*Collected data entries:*
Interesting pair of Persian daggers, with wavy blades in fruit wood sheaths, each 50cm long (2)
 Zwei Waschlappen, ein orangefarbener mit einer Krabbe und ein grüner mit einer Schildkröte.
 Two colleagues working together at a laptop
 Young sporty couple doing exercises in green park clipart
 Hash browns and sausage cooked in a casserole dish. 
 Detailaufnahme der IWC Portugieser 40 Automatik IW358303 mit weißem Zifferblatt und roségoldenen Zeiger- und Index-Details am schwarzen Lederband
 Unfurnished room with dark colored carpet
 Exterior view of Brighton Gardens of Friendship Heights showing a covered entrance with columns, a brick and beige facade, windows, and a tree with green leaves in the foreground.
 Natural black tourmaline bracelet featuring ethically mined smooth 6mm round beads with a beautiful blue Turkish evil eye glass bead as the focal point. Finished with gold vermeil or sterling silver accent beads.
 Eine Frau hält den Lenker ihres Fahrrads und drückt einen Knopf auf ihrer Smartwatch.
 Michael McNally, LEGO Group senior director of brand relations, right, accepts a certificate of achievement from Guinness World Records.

*INSTRUCTIONS FOR THE TASK:* Return, exactly as written, only those lines that run from the one with "Eine Frau hält" to the last line of the data, both of those lines included.

*EXERCISE RESULT:*
 Eine Frau hält den Lenker ihres Fahrrads und drückt einen Knopf auf ihrer Smartwatch.
 Michael McNally, LEGO Group senior director of brand relations, right, accepts a certificate of achievement from Guinness World Records.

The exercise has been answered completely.